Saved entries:
.....

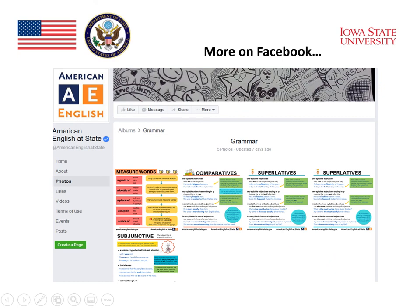The American English Facebook page also has a lot of grammar — lots of different topics of English grammar where students can do explicit learning, and teachers can use it for explicit teaching of grammar.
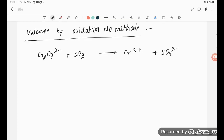Hello students, let's try to understand a problem asked by a student. The dichromate ion is the oxidizing agent here — it is converting SO₂ to SO₄. It is supplying the oxygen and itself getting reduced.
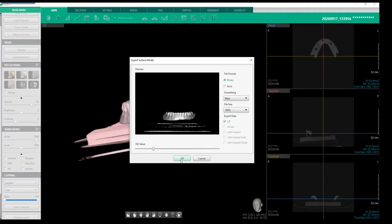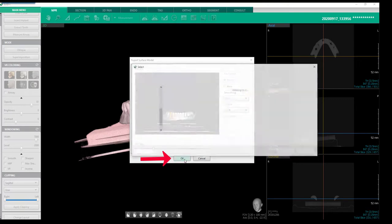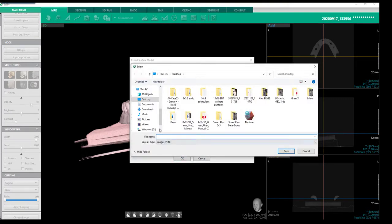The file format is defaulted to binary. If needed, file format, smoothing, and file size can be changed. Select OK to export to the desired folder. Provide a file name and click Save.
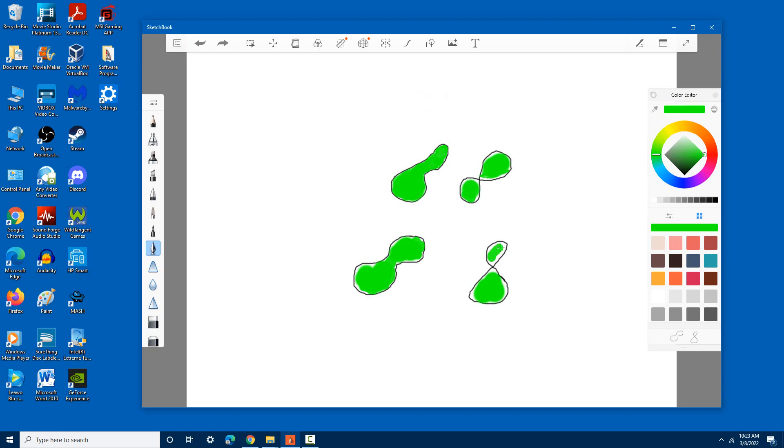Alright, there we go. Those results look close enough to what I desired.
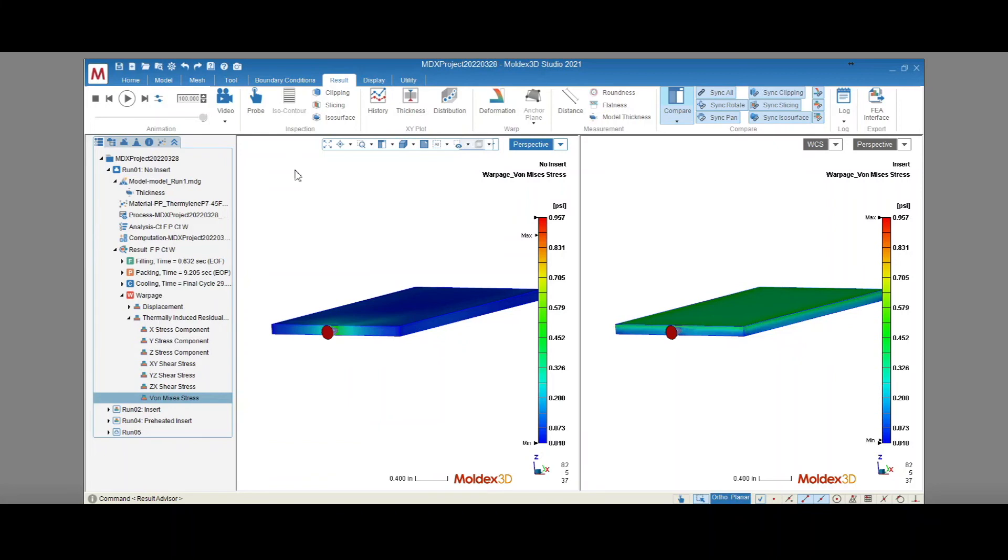With Moldex 3D, we can simulate the complex interactions between the plastic and the insert as the part fills, packs, cools, and warps. This will help us make important design decisions that optimize the quality of our parts.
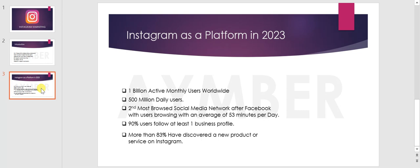90% of users follow at least one business profile on Instagram. This means it is a good way to make your business profile discoverable — whether for online shopping or any other business activity.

.....

#### [Work to be completed]
Retyped exactly, the lines from the one holding "The file format" through the last line of the data above are the whole answer. Pictures stay out.

#### [Result]
The file format is defaulted to binary. If needed, file format, smoothing, and file size can be changed. Select OK to export to the desired folder. Provide a file name and click Save.
Alright, there we go. Those results look close enough to what I desired.
With Moldex 3D, we can simulate the complex interactions between the plastic and the insert as the part fills, packs, cools, and warps. This will help us make important design decisions that optimize the quality of our parts.
90% of users follow at least one business profile on Instagram. This means it is a good way to make your business profile discoverable — whether for online shopping or any other business activity.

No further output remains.